Sun社との合併計画について詳しく説明するOracle社 - 記事更新(20100127-4)

1/27/2010   |   原文はこちら (English)

oracle logo

数カ月待たされてきたが、Oracle社は1月27日、74億ドルで買収したSun製品群統合に向けた自社のロードマップをついに明らかにすることができる

全日にわたって開催されるこのオンラインイベントを発表するにあたり、同社はこの2社の巨大ベンダーが共通して保有するコンピューティングスタック全体を見せる長時間の紹介ビデオを用意した。ハードウェア製品にはどれにも新しいSun|Oracleロゴがついている。

ここ数カ月の間は、Oracle社はSun社のハードウェア事業を捨て、自社の現行の戦略と合致するほかの部分に集中したいのではないかとの声が複数あった。
この紹介ビデオはあらゆるものを網羅しているが、そのような考えだけは含まれていない。全く逆で、Oracle社がハードウェア市場で持つようになったポテンシャルを強調しているように思えるし、ステージにある3台のラックはこの分野に対する同社の意気込みをさらに示すものとなっている。

このイベントはすべてを表したキャッチフレーズで幕を開ける。

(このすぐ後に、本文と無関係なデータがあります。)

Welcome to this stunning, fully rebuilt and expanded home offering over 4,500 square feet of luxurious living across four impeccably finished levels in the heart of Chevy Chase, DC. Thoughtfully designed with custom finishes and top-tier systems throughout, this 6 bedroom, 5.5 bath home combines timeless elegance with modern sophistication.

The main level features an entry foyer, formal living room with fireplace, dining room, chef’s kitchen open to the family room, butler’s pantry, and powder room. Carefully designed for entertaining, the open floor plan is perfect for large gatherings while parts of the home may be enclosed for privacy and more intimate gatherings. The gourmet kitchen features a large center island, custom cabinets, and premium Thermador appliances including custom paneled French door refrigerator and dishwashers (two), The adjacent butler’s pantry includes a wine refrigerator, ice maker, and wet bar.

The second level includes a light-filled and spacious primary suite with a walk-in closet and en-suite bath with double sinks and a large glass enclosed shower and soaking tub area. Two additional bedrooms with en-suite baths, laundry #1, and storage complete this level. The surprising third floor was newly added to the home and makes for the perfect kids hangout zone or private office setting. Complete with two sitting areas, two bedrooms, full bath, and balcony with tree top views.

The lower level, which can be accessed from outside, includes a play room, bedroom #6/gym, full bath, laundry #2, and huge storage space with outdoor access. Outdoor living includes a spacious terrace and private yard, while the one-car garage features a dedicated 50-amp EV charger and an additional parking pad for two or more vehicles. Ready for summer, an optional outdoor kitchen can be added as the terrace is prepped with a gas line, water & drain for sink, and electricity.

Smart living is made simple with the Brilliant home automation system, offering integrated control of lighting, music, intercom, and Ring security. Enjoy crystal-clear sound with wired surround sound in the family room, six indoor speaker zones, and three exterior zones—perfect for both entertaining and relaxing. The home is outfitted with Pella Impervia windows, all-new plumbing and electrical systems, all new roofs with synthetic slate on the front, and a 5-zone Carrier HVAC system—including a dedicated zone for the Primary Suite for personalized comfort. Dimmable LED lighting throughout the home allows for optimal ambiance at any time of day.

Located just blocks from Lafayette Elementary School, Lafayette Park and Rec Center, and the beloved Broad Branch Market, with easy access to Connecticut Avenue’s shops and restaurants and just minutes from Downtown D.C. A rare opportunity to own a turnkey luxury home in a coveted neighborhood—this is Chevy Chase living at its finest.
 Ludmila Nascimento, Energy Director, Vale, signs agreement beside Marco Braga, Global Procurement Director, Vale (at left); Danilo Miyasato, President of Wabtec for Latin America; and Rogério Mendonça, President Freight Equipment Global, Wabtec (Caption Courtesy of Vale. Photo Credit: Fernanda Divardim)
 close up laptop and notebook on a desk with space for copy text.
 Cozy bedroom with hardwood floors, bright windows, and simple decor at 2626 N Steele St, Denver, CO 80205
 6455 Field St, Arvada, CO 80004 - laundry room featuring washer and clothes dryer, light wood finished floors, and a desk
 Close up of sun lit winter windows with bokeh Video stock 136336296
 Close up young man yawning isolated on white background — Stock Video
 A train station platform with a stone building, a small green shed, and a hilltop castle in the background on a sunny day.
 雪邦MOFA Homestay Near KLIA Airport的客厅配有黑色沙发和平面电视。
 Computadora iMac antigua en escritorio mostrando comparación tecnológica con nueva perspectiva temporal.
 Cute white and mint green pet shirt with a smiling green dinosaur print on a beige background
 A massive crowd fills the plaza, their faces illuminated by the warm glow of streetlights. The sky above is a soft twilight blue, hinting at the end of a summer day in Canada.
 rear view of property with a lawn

「ソフトウェア。ハードウェア。完成。」である。


Oracle社は最初の会計年度において研究開発に総額43億ドルを投資しようとしている。

Oracle社がSolaris OSと、それが組み込む仮想化技術への投資額を増やす計画であるため、これは仮想化にも影響を与える。

Edward Screven氏がステージに登場し、OSと仮想化に関するOracle社の計画を説明する準備を整える。
まず第一に、Oracle社はLinuxとSolarisの両方の提供と投資を継続する。

Oracle VM Serverはx86/x64およびSPARCの両アーキテクチャ上で動作する。Oracle VM Managerは両タイプのホストを一緒に管理する。

SunOracle_Virtualization

さらに、Oracle社はOS仮想化製品である「Solaris Containers」(x86/x64用)と「Logical Domains」(SPARC用)の両方を提供し続ける。

Oracle社はSun VirtualBoxをOracle VMファミリーの一部として統合し、サンドボックスのような形で利用する計画だが、これは同社が近い将来いずれかの仮想ラボ自動化システムベンダーを買収して自社製品を統合したい考えであることを意味する。

そのほか、Oracle社にはSun VDIコネクションブローカをOracle VM Server内でサポートし、包括的なVDIソリューションを提供する計画もある。これは、現行のSun VDIがVMwareを近々サポートしなくなる可能性があることを意味する。

Oracle_VirtualBoxまた、VMware社との関係についてもOracle社は時間を無駄にすることなく、この仮想化ベンダーと競合したい考えであることを明確にしてきた。

Oracle_vs_VMware

この比較で興味深いのは、Oracle社がMicrosoft社と同じアプローチでVMware社に対抗している点だ。いずれのベンダーも物理/仮想管理を実現しているが、VMware社は仮想分野にしか対応していない。

現実問題、インフラ管理会社に変わっていくことをVMware社が近い将来認めることはないだろうが、同社の重点がもはや仮想化だけではなくなっているという兆候はある。
SpringSource社の買収Zimbra社の買収ミドルウェア製品に対する関心はすべて、他社が限界を指摘するのを同社が静観していないことを確認するものだ。
したがって、Oracle社が顧客にとって興味深いVMware社の代替ベンダーとなるには、この日あまり詳しい解説がなかった仮想化の計画をかなりうまく実行に移さなければならないことになる。


最新情報:EMC社国際マーケティング担当バイスプレジデントのChuck Hollis氏が、この合併に関するかなり興味深い実態を公表しており、Oracle社は自身の会社がCisco社やVMware社と連合を組むことに決めたときに取ったものと同じアプローチを取る新たなライバルであるとしている。

Hollis氏はまた、VCE Coalitionと全面対決するには今のOracle社にはネットワーキングコンポーネントが欠けていること、それが自社の次の買収先になるかもしれないことを示唆した。
これには100%賛同できる。HP社が3Com社を買収したばかりであることは残念でならない。Juniper社などいかがか?